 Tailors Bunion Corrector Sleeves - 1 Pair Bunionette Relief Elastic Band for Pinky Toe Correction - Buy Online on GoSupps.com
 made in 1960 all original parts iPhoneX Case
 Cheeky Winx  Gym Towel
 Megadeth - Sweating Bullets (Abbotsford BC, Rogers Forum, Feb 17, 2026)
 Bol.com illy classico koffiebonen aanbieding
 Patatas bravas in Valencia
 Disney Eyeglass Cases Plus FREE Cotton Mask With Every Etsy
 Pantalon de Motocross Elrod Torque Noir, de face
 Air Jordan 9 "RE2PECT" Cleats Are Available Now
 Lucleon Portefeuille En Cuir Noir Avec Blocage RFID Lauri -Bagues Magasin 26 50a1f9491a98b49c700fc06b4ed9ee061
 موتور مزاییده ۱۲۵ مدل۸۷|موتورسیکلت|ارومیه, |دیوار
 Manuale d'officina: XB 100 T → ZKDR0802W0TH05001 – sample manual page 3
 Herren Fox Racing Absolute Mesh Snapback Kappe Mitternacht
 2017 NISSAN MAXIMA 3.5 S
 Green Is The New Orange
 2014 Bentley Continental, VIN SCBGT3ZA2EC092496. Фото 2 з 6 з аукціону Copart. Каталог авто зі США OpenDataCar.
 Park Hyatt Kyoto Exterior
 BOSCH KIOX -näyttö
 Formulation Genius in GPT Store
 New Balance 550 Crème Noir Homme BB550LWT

-*-

## About this task
Only those lines of the entries above that run from the line containing "Air Jordan 9" to the line containing "Manuale d'officina: XB", both included, should be transcribed exactly.

## Written answer
 Air Jordan 9 "RE2PECT" Cleats Are Available Now
 Lucleon Portefeuille En Cuir Noir Avec Blocage RFID Lauri -Bagues Magasin 26 50a1f9491a98b49c700fc06b4ed9ee061
 موتور مزاییده ۱۲۵ مدل۸۷|موتورسیکلت|ارومیه, |دیوار
 Manuale d'officina: XB 100 T → ZKDR0802W0TH05001 – sample manual page 3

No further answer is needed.